Rosenthal stirred things up a little on Friday, pointing out a Baltimore Sun report that the Ravens parted ways with quarterbacks coach Jim Zorn because the team feared he would become insubordinate. The report, and Rosenthal’s decision to mention it, resulted in a statement from coach John Harbaugh that disputed the report, and that mentioned we had mentioned it.
So what really happened? We’re told that the Ravens simply feared the presence of “too many voices” on the offensive side of the ball.
Of course, that could be regarded as a very kind way of saying that the Ravens eventually feared Zorn would become insubordinate, especially if the alternative to firing him was telling him to shut up, which then would have increased the possibility that he would have become insubordinate.
The statement from the Ravens didn’t address something else Rosenthal mentioned on Friday — that quarterback Joe Flacco spoke out on behalf of Zorn.
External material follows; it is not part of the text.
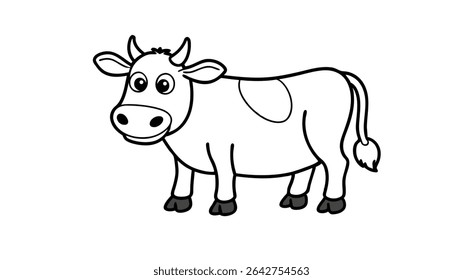 cute cow cartoon big eyes outline.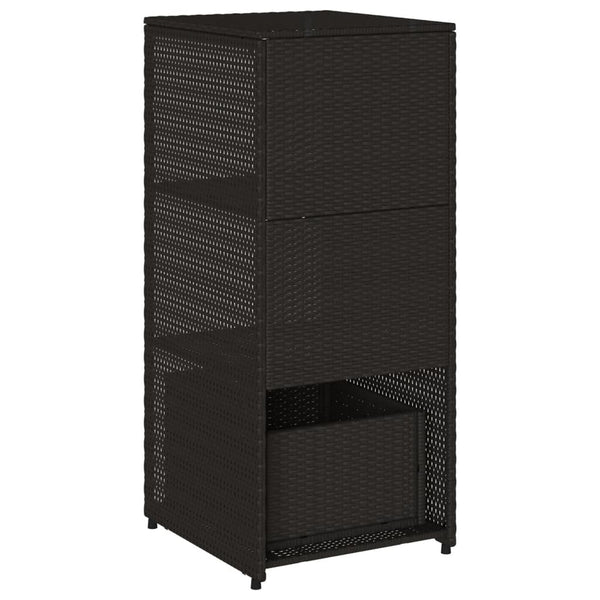 Gartenschrank Schwarz Poly Rattan 50x55x115cm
A separate source confirmed that, indeed, Flacco was happy with Zorn and supported him.
Apart from Flacco being happy with Zorn, we can understand why Flacco would prefer that the quarterbacks coach not be fired. Dumping the offensive line coach sent a message to the world that the Ravens didn’t think the offensive line is performing up to snuff. In turn, firing the quarterbacks coach possibly sends a message to the world that the Ravens don’t think the quarterback is performing up to snuff.
That perception isn’t accurate. Flacco’s career numbers compare favorably to Matt Ryan’s, and Flacco has won four playoff games in three years, all on the road. Flacco has been improving each season, with 2010 being the best of his three-year career in yardage, touchdowns, interceptions, and passer rating.
These developments serve only to place more pressure on offensive coordinator Cam Cameron. With the Ravens’ moves arguably sending the message that the team isn’t happy with the performance of 6/11ths of the offense, Cameron could be the next one to go.